Agroforestry & Ecosystem Management: Students explore the integration of trees with crops and livestock to enhance biodiversity, improve soil health, increase carbon sequestration, and support sustainable land use practices.
Climate Change & Agriculture: This course analyzes the impacts of climate change on agricultural systems and explores adaptation strategies. It covers greenhouse gas emissions from farming, carbon sequestration, resilience building, and sustainable intensification practices.
Integrated Pest Management (IPM): Students learn to manage pests using a combination of biological, cultural, physical, and chemical methods. The course emphasizes eco-friendly pest control strategies that reduce reliance on synthetic pesticides while maintaining crop productivity.

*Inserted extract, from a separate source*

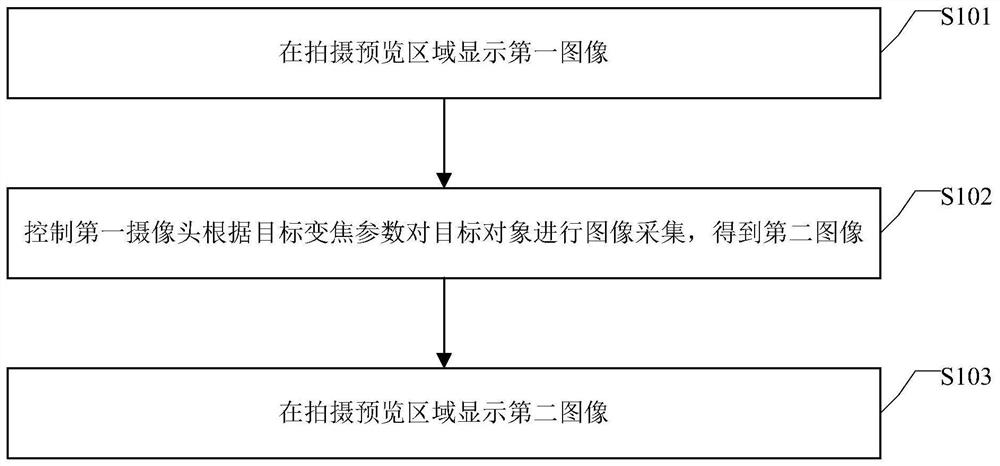 Image display method, device and equipment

Digital Agriculture & Farming: This course introduces digital tools and platforms used in modern farming operations, including mobile apps for farm management, remote sensing technologies, IoT devices, and big data analytics for decision-making.

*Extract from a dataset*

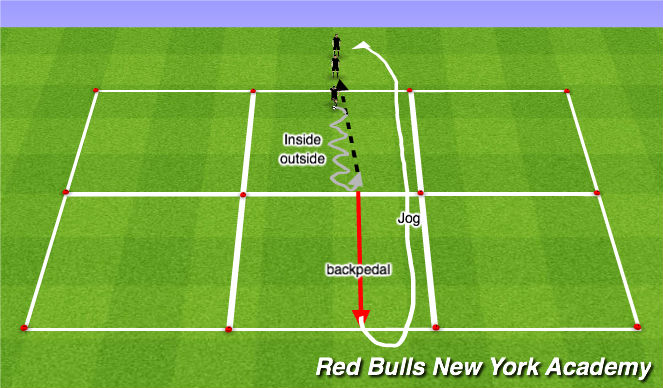 Football/Soccer Session Plan Drill (Colour): Technical Warm Up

Project-Based Learning Philosophy
The department emphasizes project-based learning as a core component of its curriculum. Students engage in both mini-projects and capstone projects throughout their academic journey. Mini-projects are undertaken in the 6th semester, allowing students to apply theoretical concepts in real-world scenarios. These projects are typically completed in teams under faculty supervision and culminate in presentations and written reports.
The final-year thesis/capstone project is an individual or team effort that addresses a significant challenge in agriculture or agritech innovation. Students select their projects based on their interests, guided by faculty mentors who provide technical support and expertise throughout the process. Projects are evaluated using a rubric that assesses research quality, methodology, innovation, impact, and presentation skills.
Faculty members play a crucial role in mentoring students during project development. They guide students through literature reviews, experimental design, data collection, analysis, and report writing. Regular meetings with faculty mentors ensure progress tracking and timely completion of projects. The department also facilitates collaboration between students and industry partners to enhance the relevance and applicability of their research outcomes.